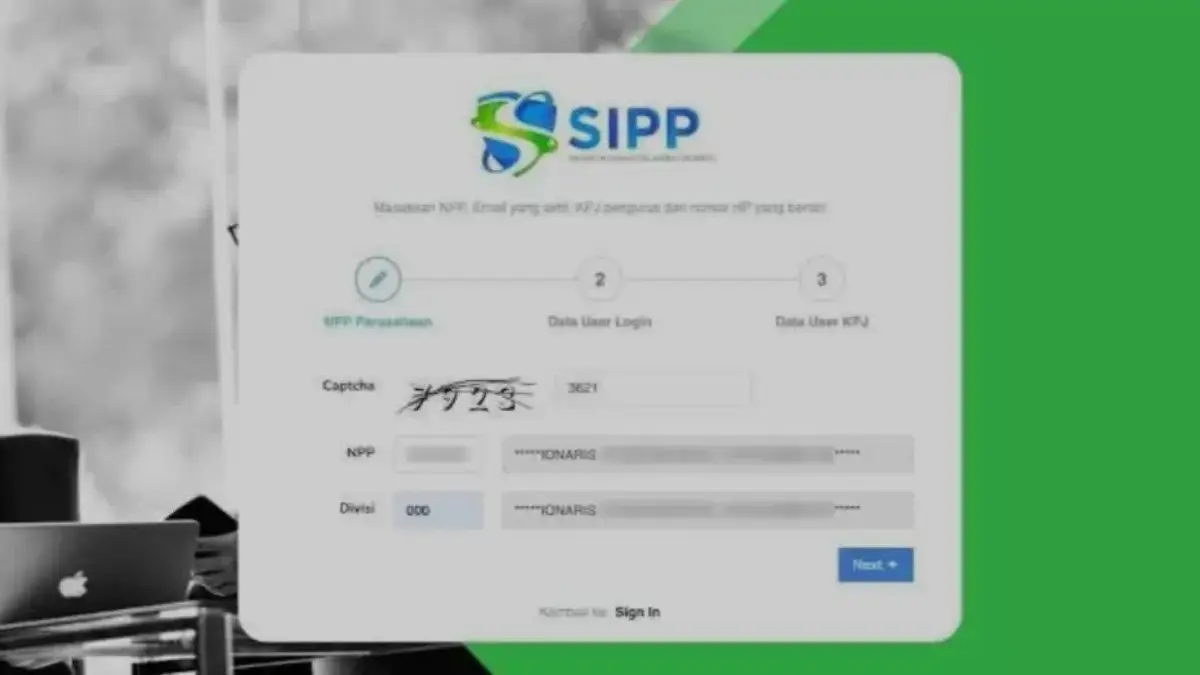 Manfaat Menggunakan Aplikasi SIPP BPJS Ketenagakerjaan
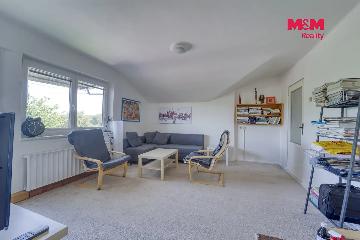 Fotka inzerátu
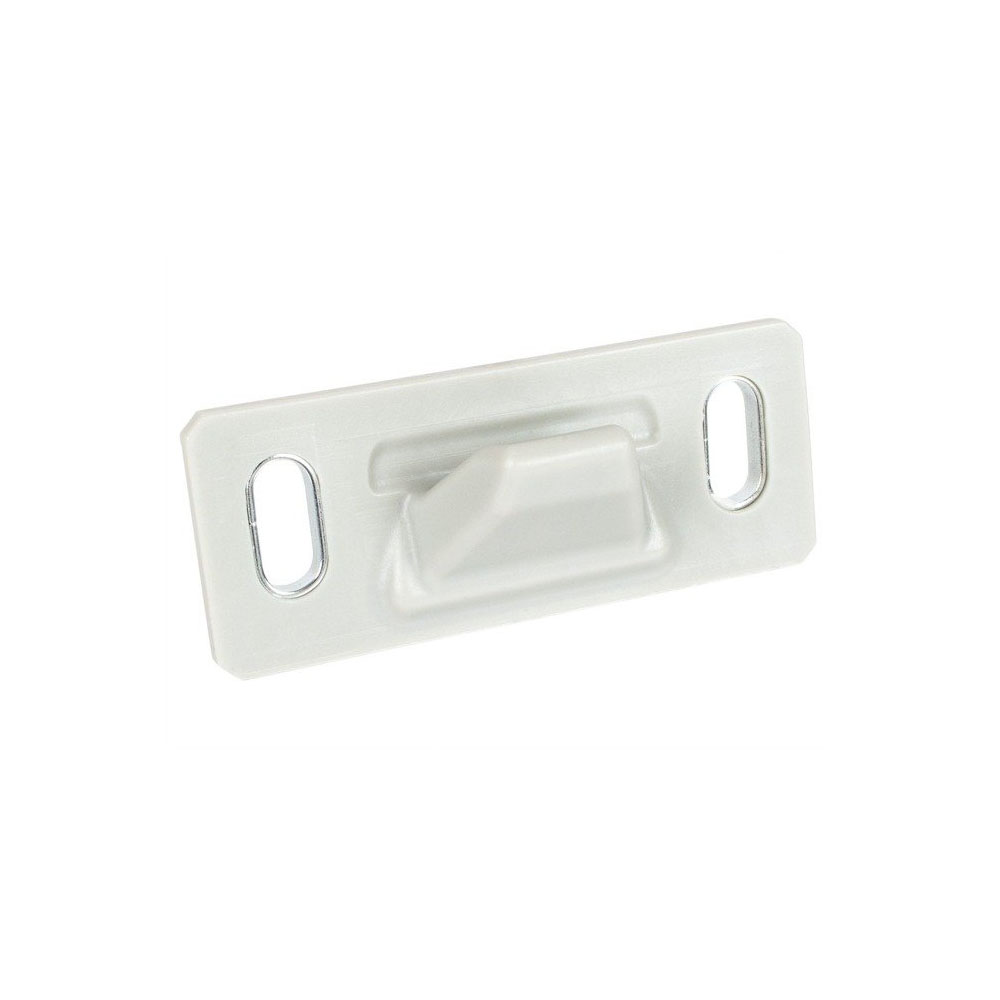 Broche Male Porte Coulissante Fiat Ducato Peugeot Boxer Citroen Jumper 2006+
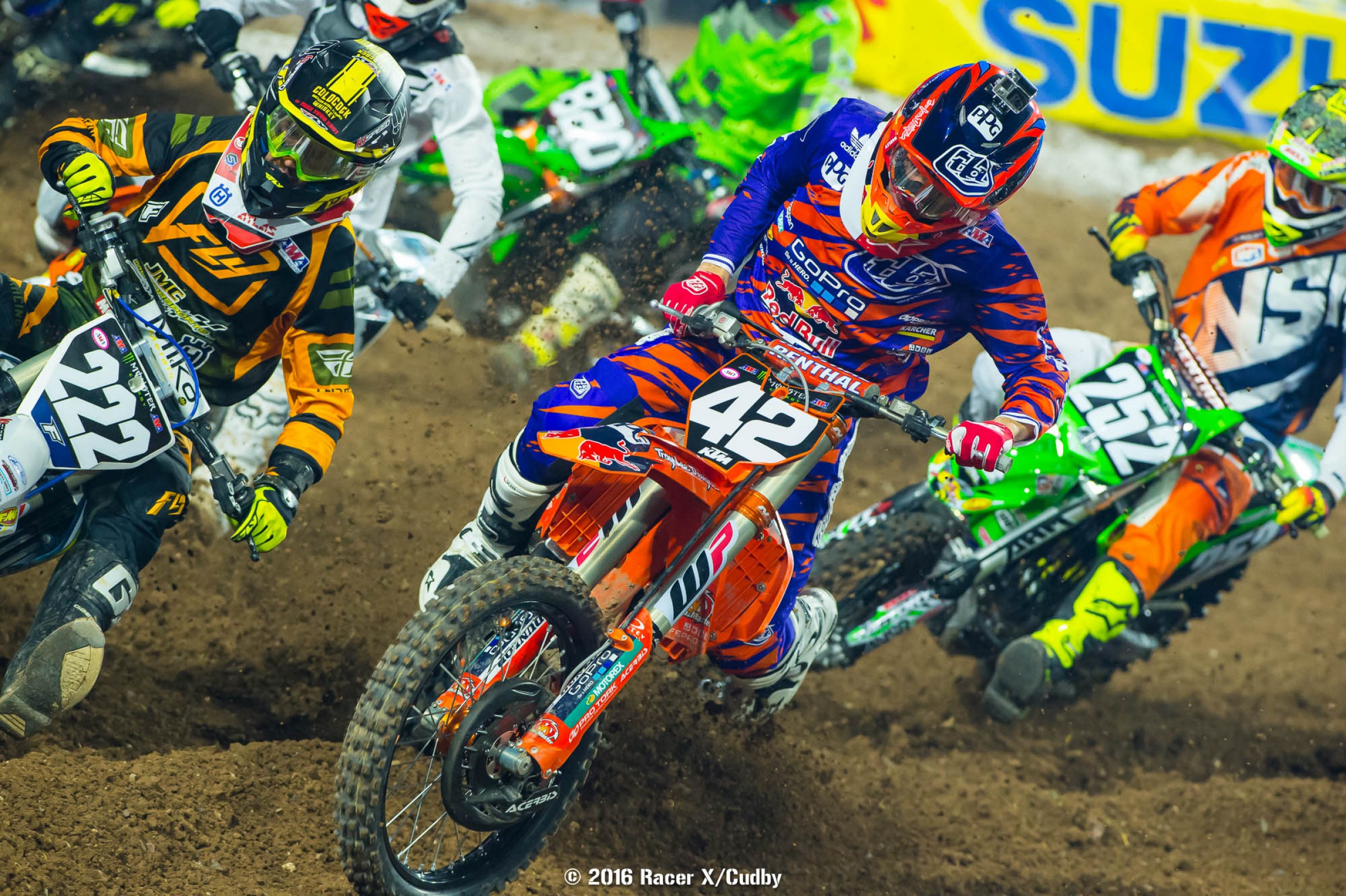 Oldenburg-PhoenixSX2016-Cudby-031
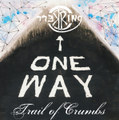 Trail of Crumbs
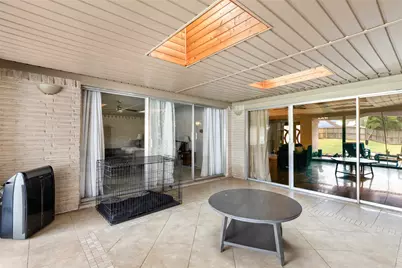 3109 Woodland Court, La Porte, TX 77571 - Photo 23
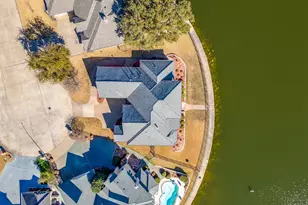 1103 Mallard Way, Granbury, TX 76048 - Photo 4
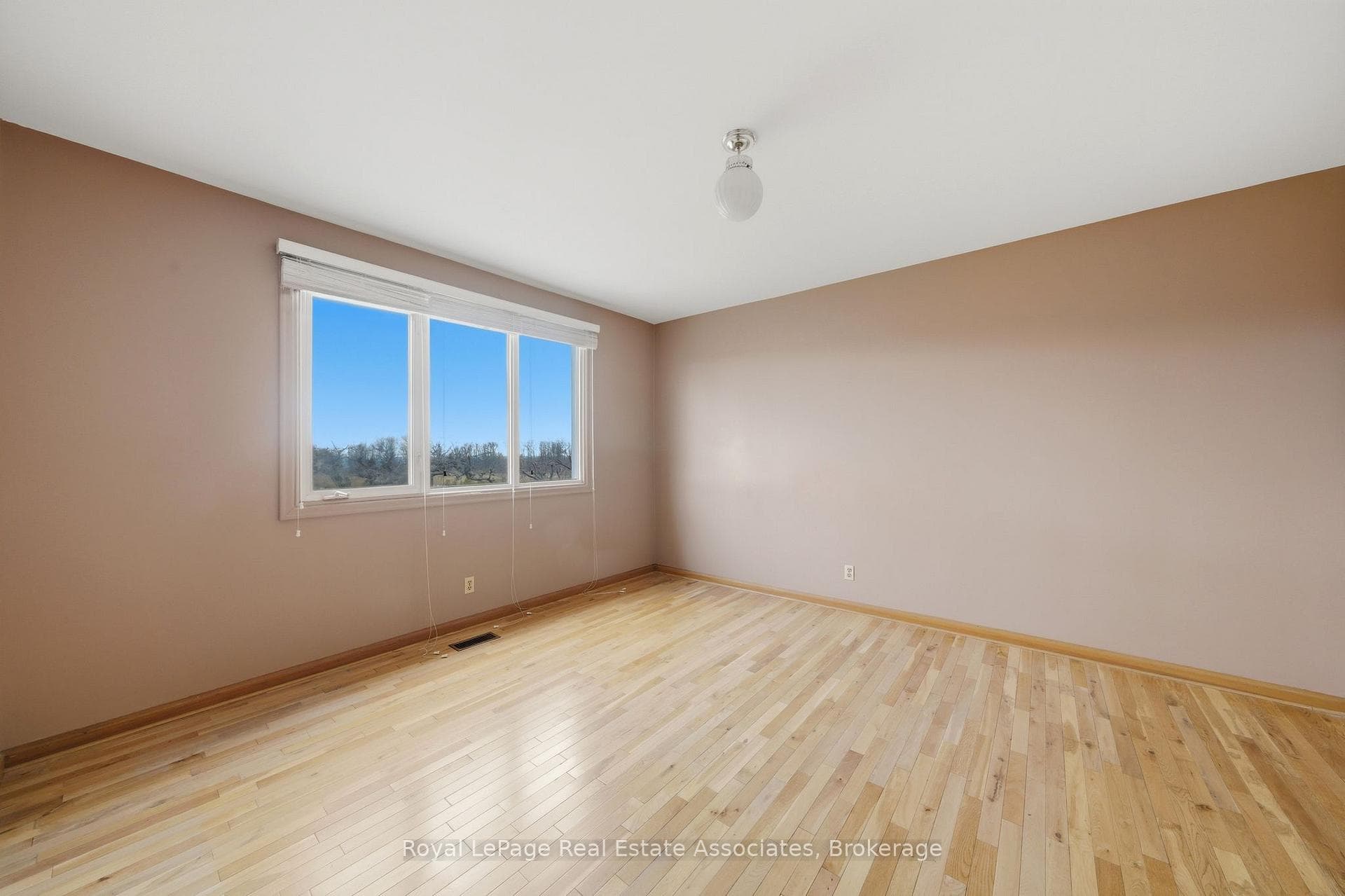 1137 Ridge Road photo 27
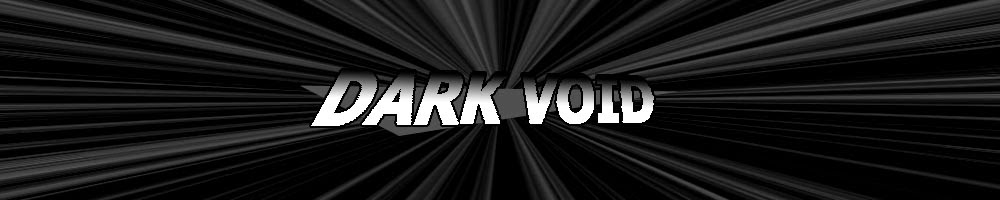 Dark Void Studios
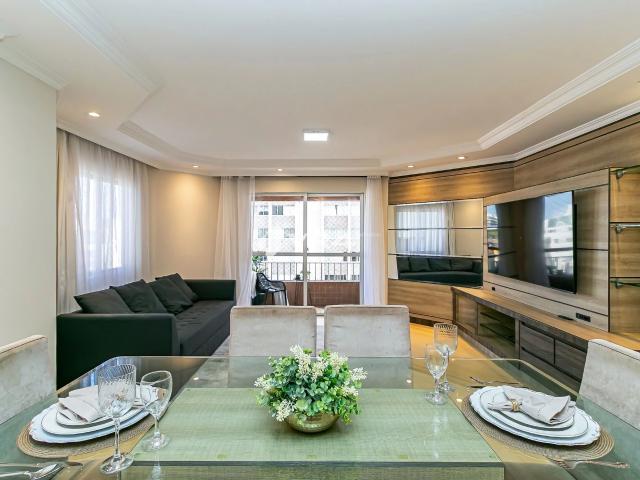 Apartamento venda em Região Geográfica Imediata de Curitiba, Região Metropolitana de Curitiba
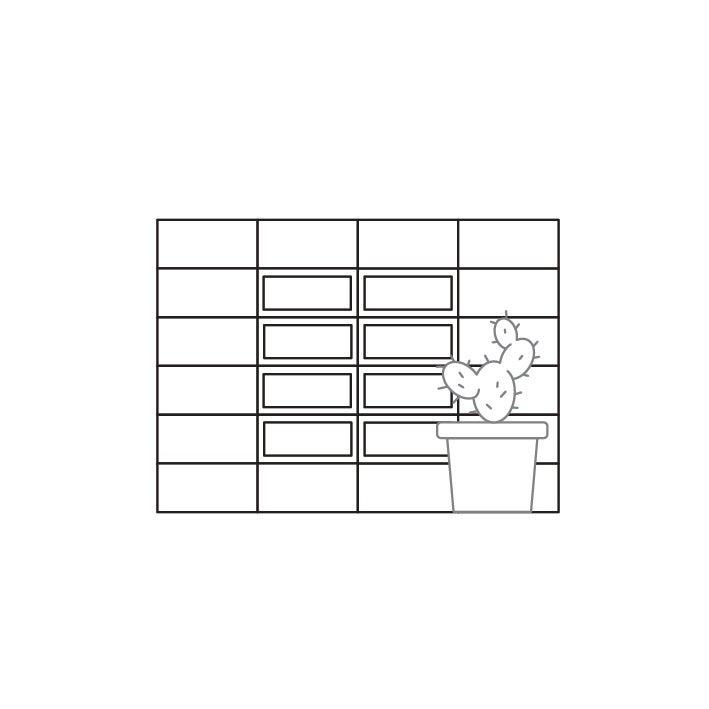 Boundary Walls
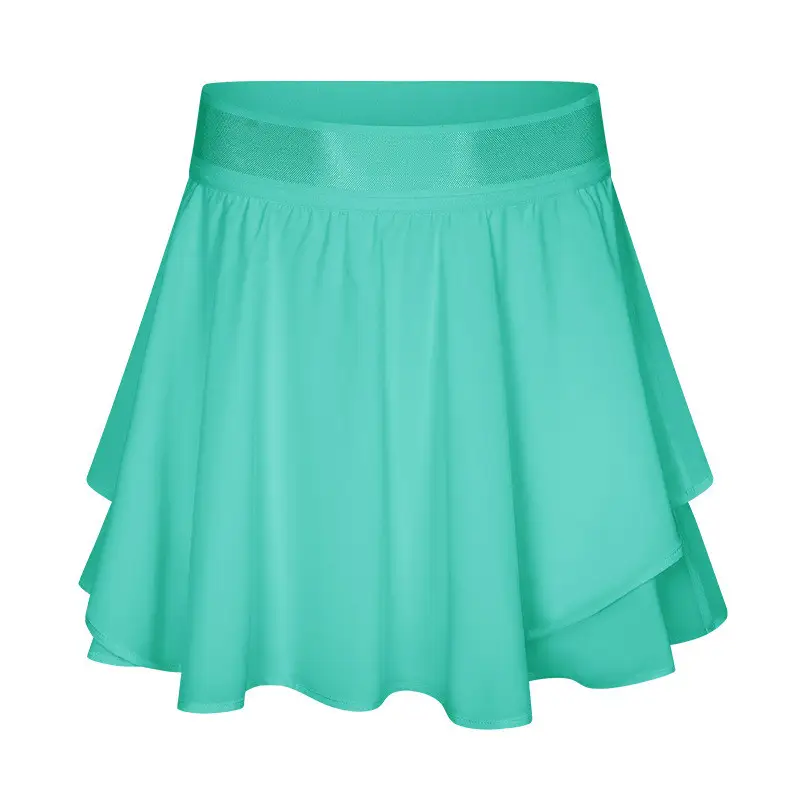 Cyan 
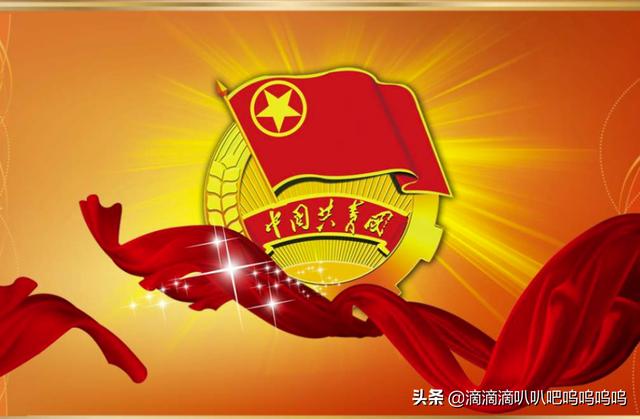 三国志12为什么有的武将誓死不降 三国志12武将不满-第1张图片-Game优搜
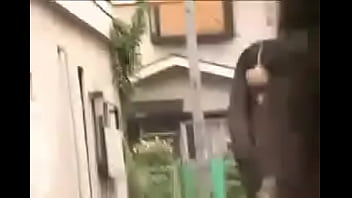Preview 1 of Seachbalecked Com - Verification video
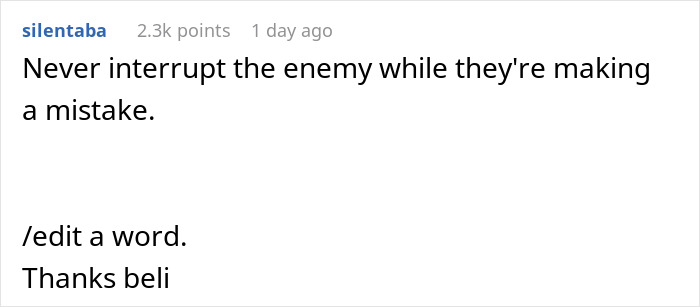 Employee Is Told By Boss They Can’t Use Personal Phone At Work Anymore So They Maliciously Comply, End Up With No Ability To Work At All Employee Is Told By Boss They Can’t Use Personal Phone At Work Anymore So They Maliciously Comply, End Up With No Ability To Work At All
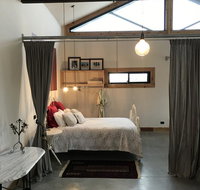 Woolamai Dreaming - Timeshare Accommodation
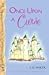 Once Upon a Curse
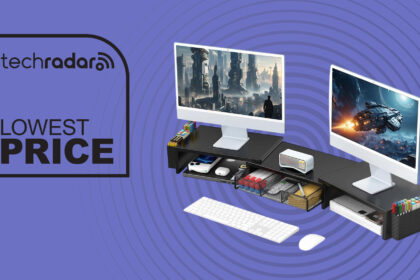 Low price office products
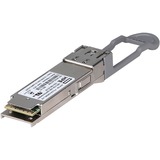 JH419A HPE X150 100G QSFP28 LC SWDM4 100m MM Transceiver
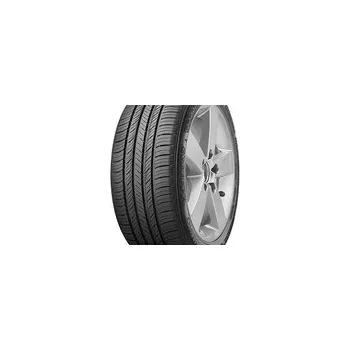 Osobní pneu Kumho 225/55 R19 TL 99V CRUGEN HP71 BSW M+S KUMHO 225/55 R19 99V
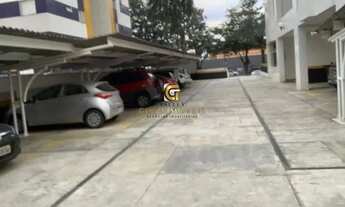 Imagem 15: Jardim- aquarios- lindo apartamento exelente localizaçao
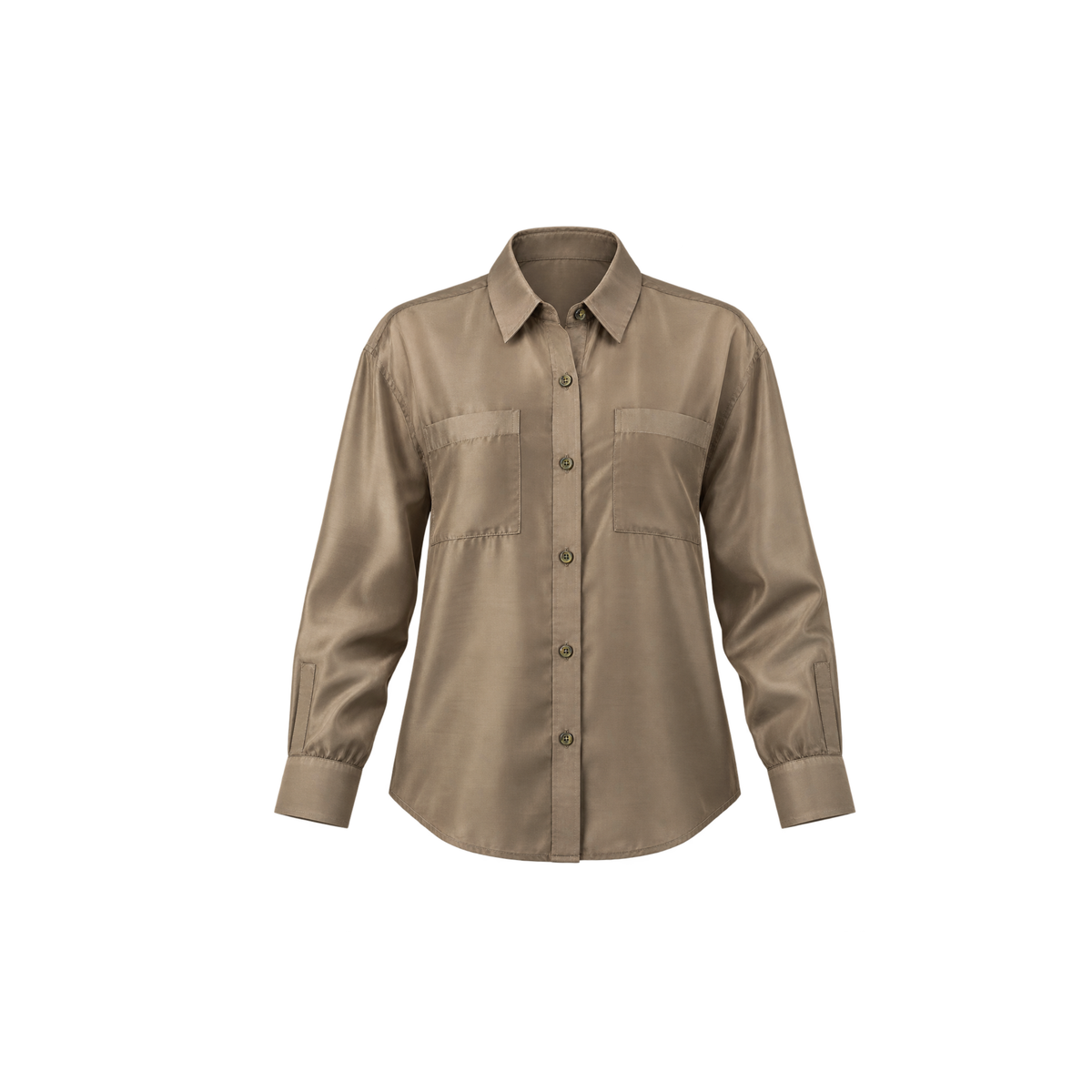 Roxy Fit – Women’s Long Shirt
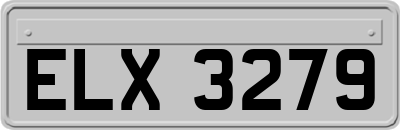 ELX3279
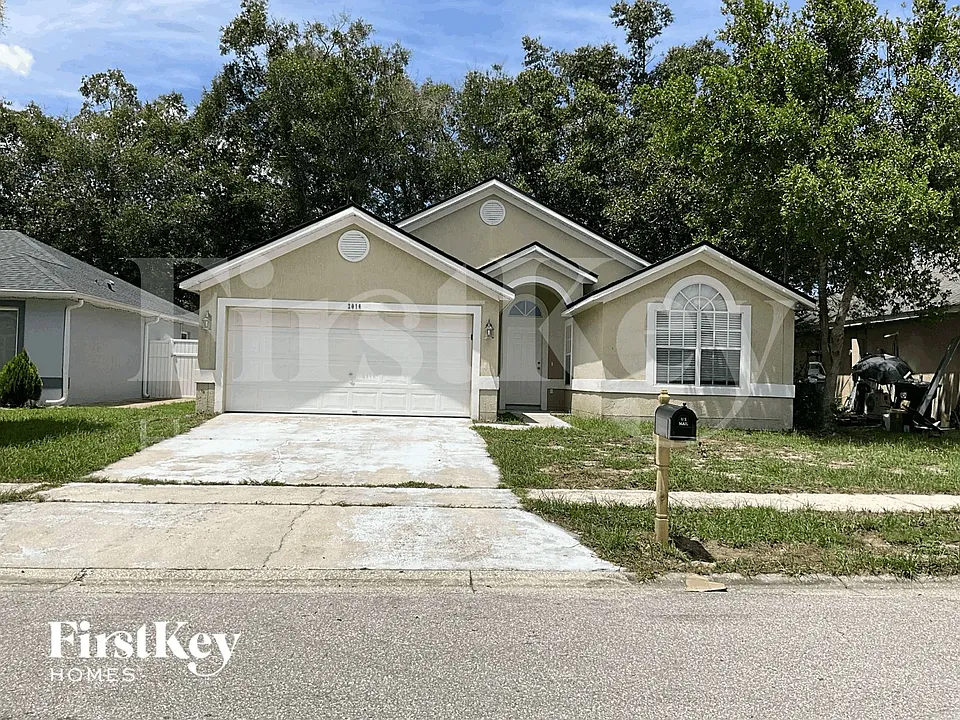 2016 Cobblefield Cir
---+---
### PROBLEM REQUIREMENTS
Beginning with the first line of the records and ending with the line that contains "1137 Ridge Road photo 27", reproduce every line exactly, omitting pictures and adding nothing.

### WRITTEN RESPONSE
 Manfaat Menggunakan Aplikasi SIPP BPJS Ketenagakerjaan
 Fotka inzerátu
 Broche Male Porte Coulissante Fiat Ducato Peugeot Boxer Citroen Jumper 2006+
 Oldenburg-PhoenixSX2016-Cudby-031
 Trail of Crumbs
 3109 Woodland Court, La Porte, TX 77571 - Photo 23
 1103 Mallard Way, Granbury, TX 76048 - Photo 4
 1137 Ridge Road photo 27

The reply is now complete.